Employees also have to return to work for at least a year after their sabbatical, and must repay UConn if they fail to meet that requirement.
Harrison reviewed 15 employees who went on sabbatical over a three-year period ending June 30, 2021, and found four who failed to meet the return-to-work requirement. They were paid a combined $289,956, but they never repaid the funds and UConn never sought repayment.
The audit also said this problem was noted in a prior audit five years ago.
Harrison also reviewed six contracts, totaling $20.4 million, which required UConn to seek competitive bids because they exceeded $500,000. In three cases, UConn did not seek bids.
The most expensive contract had a value of more than $3.1 million, while two others cost nearly $2.2 million and $943,506 respectively.
The report notes UConn contested the finding, telling Harrison that “a state agency also has the statutory authority to sole source procurement when certain circumstances are met.” Harrison said he did not think the three contracts met the criteria.

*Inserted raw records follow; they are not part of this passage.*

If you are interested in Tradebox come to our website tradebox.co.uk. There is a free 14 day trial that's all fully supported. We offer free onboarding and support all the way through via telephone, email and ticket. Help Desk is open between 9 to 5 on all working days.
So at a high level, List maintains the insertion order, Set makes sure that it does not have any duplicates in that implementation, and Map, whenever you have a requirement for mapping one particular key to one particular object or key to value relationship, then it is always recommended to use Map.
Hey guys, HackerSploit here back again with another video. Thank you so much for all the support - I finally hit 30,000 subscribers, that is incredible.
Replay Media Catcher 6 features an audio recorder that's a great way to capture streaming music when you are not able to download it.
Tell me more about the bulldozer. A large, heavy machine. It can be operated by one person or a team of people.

Similarly, he said UConn failed to justify its decision to not seek bids for a $4 million construction project, giving the work to a construction manager already working on another project for the school.
Other findings in the 50-page report include overcompensating employees who stepped down to lower positions and improper approval of compensation time.

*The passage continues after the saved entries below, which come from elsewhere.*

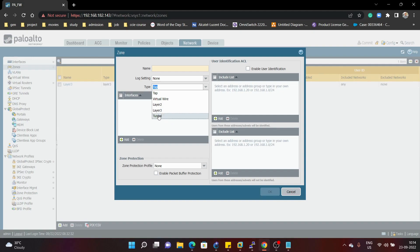The tunnel security zone is usually configured when you want to form a VPN tunnel between one firewall and another firewall — in that case you need to configure a tunnel security zone. By using these security zones, we also configure security policies. We will discuss in detail how to configure security policies in upcoming videos.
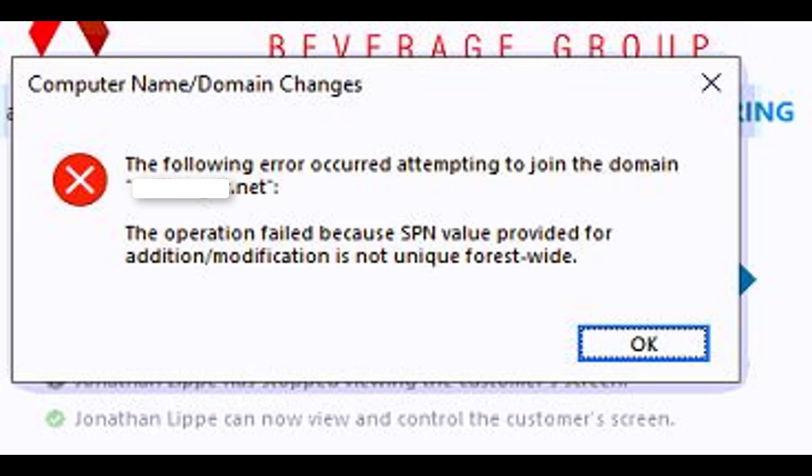Delete the computer account from the original domain and then rejoin it to the new domain, and it'll work.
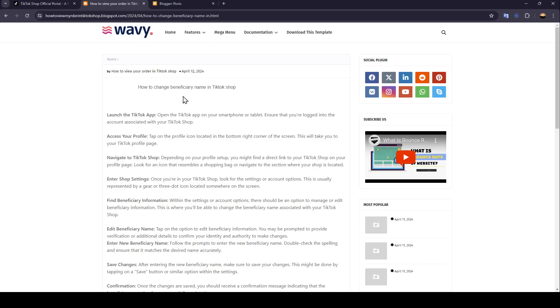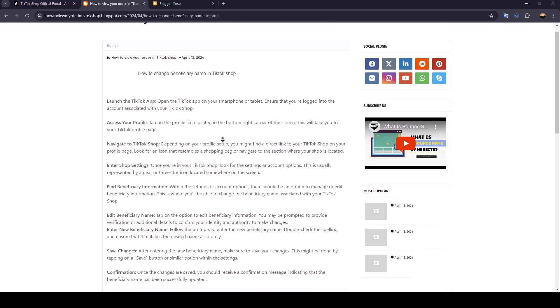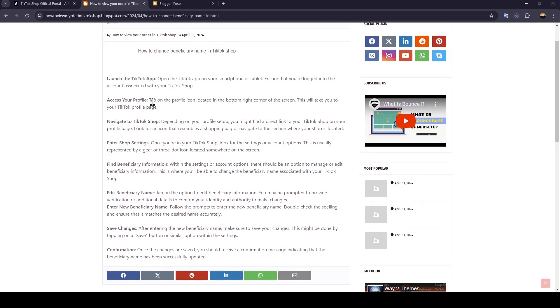So the first thing that you need to do, guys, is launch the TikTok app. Open the TikTok app on your smartphone or tablet. Ensure that you're logged into the account associated with your TikTok Shop. Access your profile. Tap on the profile icon located in the bottom right corner of the screen. This will take you to your TikTok profile page.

Harrison audited 20 employees who stepped down from management positions during the three-year period and found four instances where UConn increased those employees’ monthly salaries.
According to the audit, UConn did not have documentation justifying those decisions.
Harrison also said UConn did not have any documentation showing managers approved compensation time. Under a collective bargaining agreement, UConn employees asked to work overtime can accrue additional time off as compensation and use it in the future.
Employees must complete a form and get formal approval from their manager, according to the audit.
Harrison reviewed 15 employees who accrued a combined 9,848 hours of compensation time and found that UConn did not have proper documentation for five employees who collectively had 3,337 hours worth of compensation time.